I have true love towards a beautiful soul. 

An alluring Latino Queen with a golden Spanish heart.

Mi Corazon. Mi fuego.

My true friend and confidant. 

A Very Happy & Loving Day In My Life

You could say, “I love her with all my heart and soul”

But, is that a measure?

I know I truly do love mi Corazon. 

No matter what I may opposite imply.

That area of my mind that plays tunes and flashes emotions at me periodically tells me so.

When for no reason I wish I were holding her. 

(Namely due to the fact my ‘Lighthouse ‘ radar tells me she is in need of a hug)

Is knowing and ACTUALLY feeling her emotions a true measure of how much I love her?

Or the daydream of couch cuddling in front of the television?

Maybe it is when I awaken, nervously,  from a deep sleep and wish she were next to me just because. 

MI CORAZON ♡☆♡

Our lives are unusual in the everyday sense.

We are NOT a couple. 

We were. 

We may be again.

We ARE very close friends. 

We are so aligned that we can have conversations without speaking a word. 

She knows how to soothe the savage beast within me. 

She comforts my pains. 

I can cry without embarrassment in her presence.

But, her truest gift is her honesty to me. I do believe her words.  

Unfortunately,  I am burdened with ‘age’. I am sixty years old in eleven days.
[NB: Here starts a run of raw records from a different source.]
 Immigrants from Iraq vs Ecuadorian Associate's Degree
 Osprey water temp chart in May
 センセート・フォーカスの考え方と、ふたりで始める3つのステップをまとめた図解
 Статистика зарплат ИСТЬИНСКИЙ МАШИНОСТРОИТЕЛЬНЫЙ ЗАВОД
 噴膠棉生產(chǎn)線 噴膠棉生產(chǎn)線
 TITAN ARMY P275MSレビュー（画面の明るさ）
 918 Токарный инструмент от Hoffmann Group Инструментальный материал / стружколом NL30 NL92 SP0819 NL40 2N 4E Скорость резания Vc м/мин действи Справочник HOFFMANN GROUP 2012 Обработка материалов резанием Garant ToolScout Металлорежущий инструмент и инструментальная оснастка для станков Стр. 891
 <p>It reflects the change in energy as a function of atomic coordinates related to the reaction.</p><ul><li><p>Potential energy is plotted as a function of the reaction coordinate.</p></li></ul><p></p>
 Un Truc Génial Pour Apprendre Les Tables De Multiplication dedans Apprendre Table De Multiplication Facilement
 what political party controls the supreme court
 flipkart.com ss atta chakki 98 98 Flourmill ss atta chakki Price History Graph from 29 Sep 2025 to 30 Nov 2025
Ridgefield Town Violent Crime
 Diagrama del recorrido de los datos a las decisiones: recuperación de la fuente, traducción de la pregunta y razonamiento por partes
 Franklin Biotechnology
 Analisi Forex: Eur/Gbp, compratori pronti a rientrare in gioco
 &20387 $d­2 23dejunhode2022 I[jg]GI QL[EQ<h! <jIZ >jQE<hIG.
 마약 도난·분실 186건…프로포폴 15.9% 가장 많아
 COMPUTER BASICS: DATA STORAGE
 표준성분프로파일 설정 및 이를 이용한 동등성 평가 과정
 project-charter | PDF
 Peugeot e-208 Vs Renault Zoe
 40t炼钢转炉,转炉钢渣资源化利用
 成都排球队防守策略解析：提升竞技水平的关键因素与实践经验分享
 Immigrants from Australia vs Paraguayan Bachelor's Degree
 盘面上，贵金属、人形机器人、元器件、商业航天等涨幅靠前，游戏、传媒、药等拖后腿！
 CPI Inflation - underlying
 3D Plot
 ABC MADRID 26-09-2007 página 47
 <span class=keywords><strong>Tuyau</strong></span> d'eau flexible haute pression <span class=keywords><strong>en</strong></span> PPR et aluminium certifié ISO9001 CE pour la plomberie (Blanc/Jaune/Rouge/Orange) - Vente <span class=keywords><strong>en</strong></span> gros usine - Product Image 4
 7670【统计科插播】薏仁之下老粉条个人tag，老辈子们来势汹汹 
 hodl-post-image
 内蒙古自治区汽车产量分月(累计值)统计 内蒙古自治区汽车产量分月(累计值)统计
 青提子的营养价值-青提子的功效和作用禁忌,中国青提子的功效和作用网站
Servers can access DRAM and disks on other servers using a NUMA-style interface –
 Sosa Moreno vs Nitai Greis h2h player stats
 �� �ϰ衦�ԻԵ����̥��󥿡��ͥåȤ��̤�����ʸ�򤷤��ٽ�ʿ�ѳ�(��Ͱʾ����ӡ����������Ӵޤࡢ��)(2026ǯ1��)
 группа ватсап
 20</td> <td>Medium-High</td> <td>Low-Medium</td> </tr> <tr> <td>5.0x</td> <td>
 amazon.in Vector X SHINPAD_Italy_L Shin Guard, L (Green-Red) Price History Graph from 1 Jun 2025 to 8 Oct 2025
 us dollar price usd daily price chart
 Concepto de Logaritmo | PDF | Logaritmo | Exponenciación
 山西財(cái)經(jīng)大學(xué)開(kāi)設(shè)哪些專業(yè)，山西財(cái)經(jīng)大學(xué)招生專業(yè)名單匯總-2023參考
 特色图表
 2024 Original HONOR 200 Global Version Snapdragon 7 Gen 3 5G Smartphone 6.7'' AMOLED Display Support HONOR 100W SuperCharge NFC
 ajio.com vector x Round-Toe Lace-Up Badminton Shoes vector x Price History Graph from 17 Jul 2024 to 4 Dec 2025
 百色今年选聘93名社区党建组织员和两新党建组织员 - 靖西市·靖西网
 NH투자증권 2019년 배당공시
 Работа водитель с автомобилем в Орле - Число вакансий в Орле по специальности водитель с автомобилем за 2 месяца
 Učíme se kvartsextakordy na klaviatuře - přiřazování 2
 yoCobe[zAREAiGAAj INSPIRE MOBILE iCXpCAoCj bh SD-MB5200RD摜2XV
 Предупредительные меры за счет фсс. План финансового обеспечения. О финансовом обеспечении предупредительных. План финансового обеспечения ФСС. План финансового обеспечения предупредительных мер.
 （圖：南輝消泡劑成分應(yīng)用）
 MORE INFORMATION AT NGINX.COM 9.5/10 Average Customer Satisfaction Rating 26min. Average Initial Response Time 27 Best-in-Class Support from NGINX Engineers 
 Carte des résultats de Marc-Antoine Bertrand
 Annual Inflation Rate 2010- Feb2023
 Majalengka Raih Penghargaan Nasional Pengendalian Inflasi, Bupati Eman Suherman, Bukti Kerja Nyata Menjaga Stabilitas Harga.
Twenty plus years her senior. 

Is it fair for me to have such deep love and feelings for a gorgeous woman who will definitely outlive me by many a year?

My main reason for not continuing dating her was that my love for her, at the time, was great enough I realized my lifestyle would damage her.

And I loved her then and even more now,  but, I did not and do not want to cause her stress, sorrows or pain.

I have quit the previous lifestyle. 

And I spend a minimal of ten hours each day wishing I were next to her. 

That I could smell her hair as my arms embrace her and our ‘Lights’ entwine.

My love is strong enough that I am extremely at ease with being her friend with ‘cuddle rights’.

Mi Corazon, mi fuego

My heart, however, wants to nuture, RESPECT, protect and LOVE her always. 
Maybe “True Love” is measured by how much testosterone is released when the loved one is thought of?

I believe love is not measurable.  

It is infinite and existing in a non-existent manner. 

Love is feeling each other without effort or doubt. 

Love is ageless yet ages.  Like a fine Irish whiskey. 

Love is the flutter in my heart when I hold my Spanish Queen. 

Love is calmness in my soul when she hugs me back.

Love is my finding mi Corazon more sensually  attractive each day. 

Love is the excitement I feel when I first see her.

Love does not always mean cohabitation.

Love is definitely NOT control. 

Falling deeper in love the more she matures into a vision of womanhood.

Love is the heart, the soul and the mind becoming one and teaching you that love is real and before your very eyes.

Luckily,  I’m a LightHouse and am Blessed to see, feel and know love from mi Corazon.

SO I SAY TO YOU MY LOVE ….

Mi amor es fiel a mi sensual reina española de mi corazón. 

El fuego en mi alma. 

La calma en mi corazón y el pensamiento constante en mi mente. 

Te amo Corazón y mucho más, mucho más que eso, te aprecio como eres. 

De mi alma a la tuya.

My love is true to my sensual Spanish Queen of my heart.  

The fire in my soul. 

The calmness in my heart and the constant thought in my mind. 

I love you Corazon and more, much more than that, I appreciate YOU as YOU are. 

From my soul to yours.

So sayeth the LightHouse Dann Verner on this twenty-fourth day of September, 2017.